Materials provided →
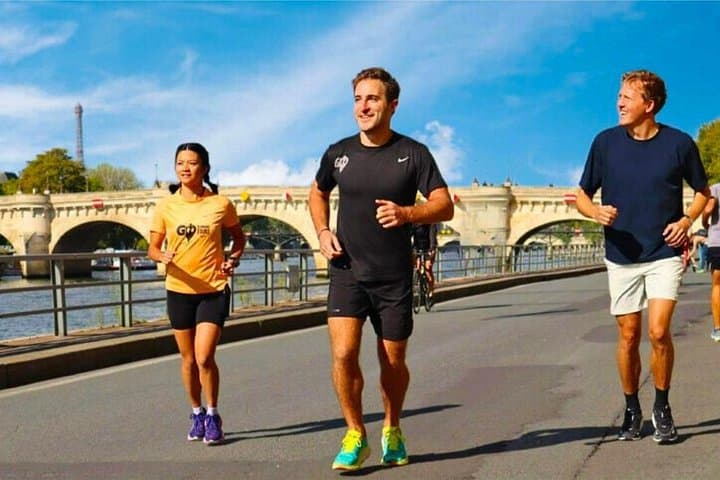 Run the Paris Main Sights with a Local: 8K Group Running Tour — photo 2
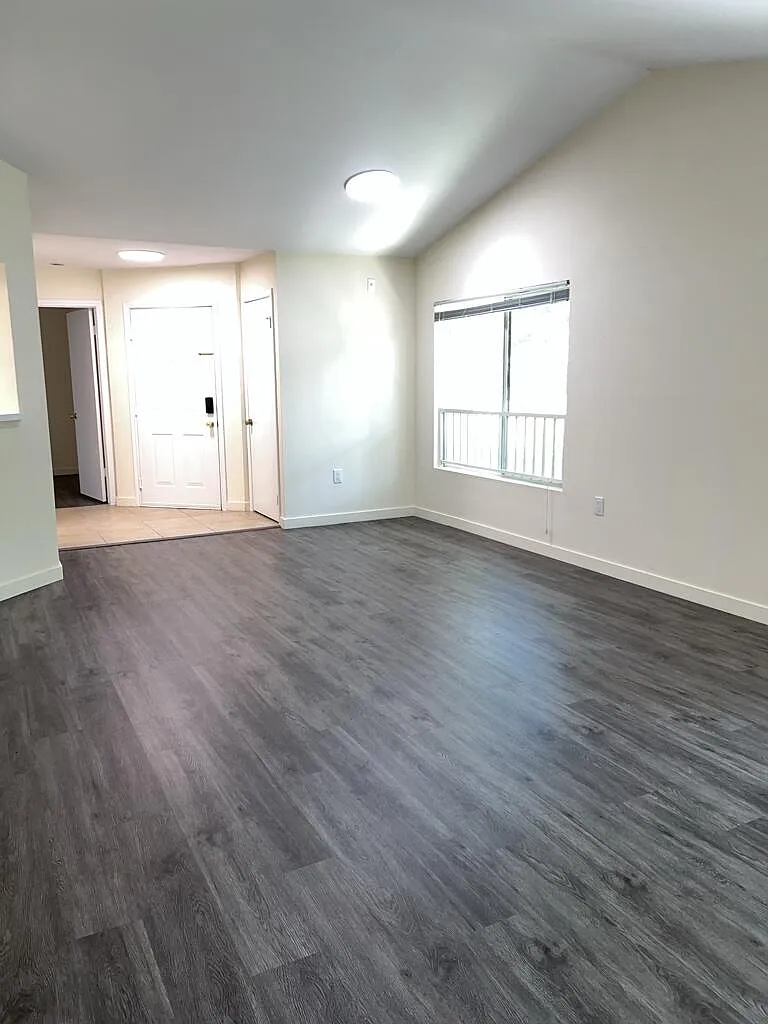 2 bed, 2.0 bath, 1241 sqft, $2,100 — Photo 4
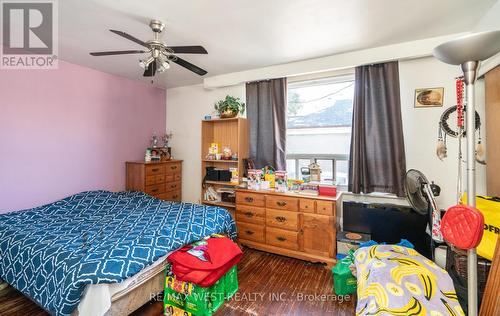 1 Bexley Crescent, Toronto (Rockcliffe-Smythe), ON - Indoor Photo Showing Bedroom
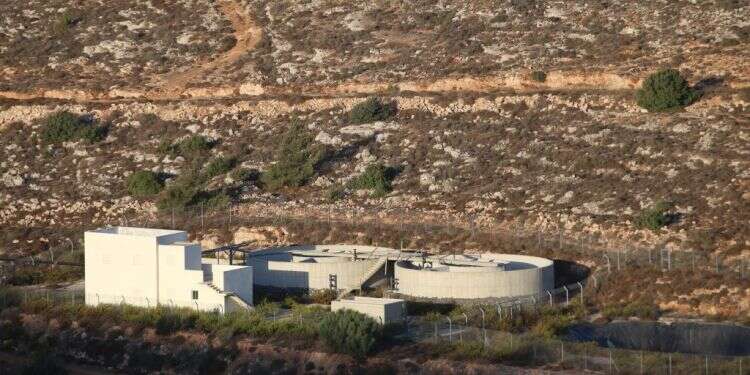 מתקן טיהור שפכים ליד עפרה. צילום: מרים צחי צילום: מרים צחי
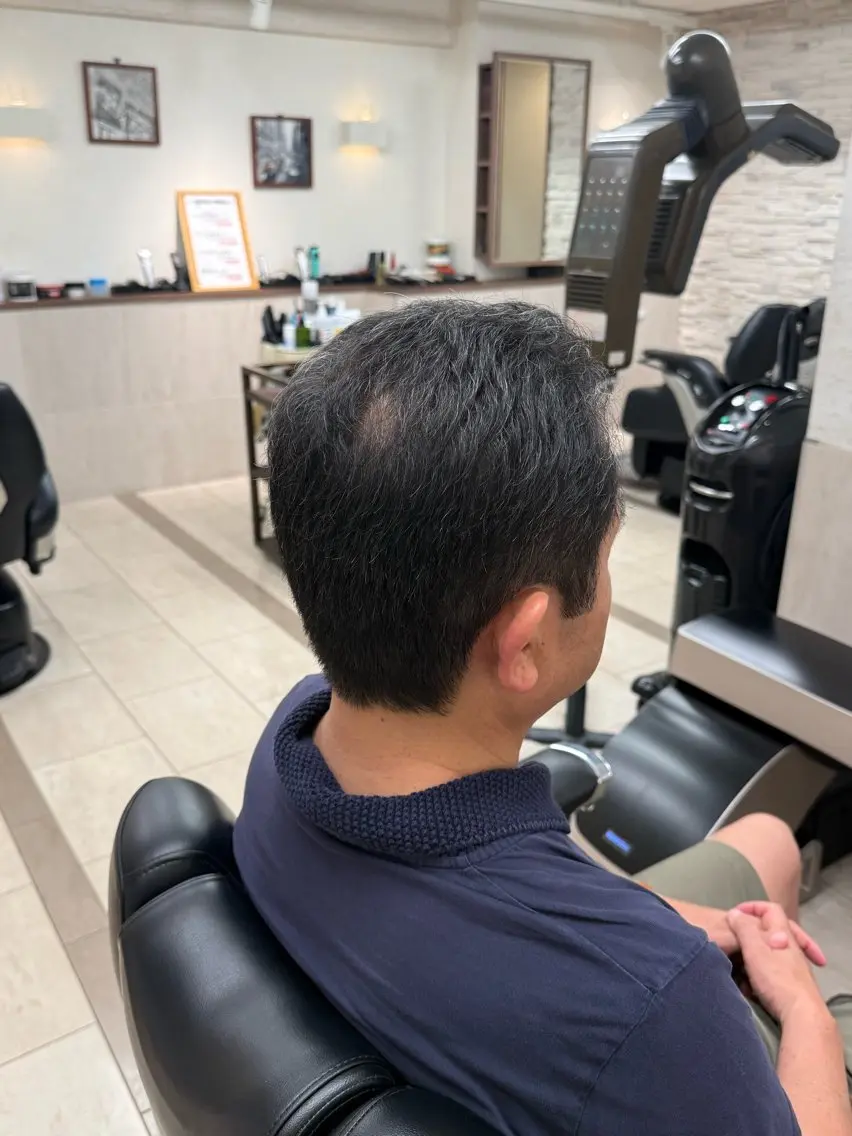 ショート メンズ センターパート 刈り上げ メンズベリーショート ベリーショート ショートヘア カット ヘアセット フルハタヒロト 六本木理容師のヘアスタイル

Problem to work on → Only the lines from the line containing "2 bed, 2.0 bath, 1241 sqft, $2,100 — Photo 4" through the end of the material should be retyped, exactly and in full, with no pictures.

Answer box →
 2 bed, 2.0 bath, 1241 sqft, $2,100 — Photo 4
 1 Bexley Crescent, Toronto (Rockcliffe-Smythe), ON - Indoor Photo Showing Bedroom
 מתקן טיהור שפכים ליד עפרה. צילום: מרים צחי צילום: מרים צחי
 ショート メンズ センターパート 刈り上げ メンズベリーショート ベリーショート ショートヘア カット ヘアセット フルハタヒロト 六本木理容師のヘアスタイル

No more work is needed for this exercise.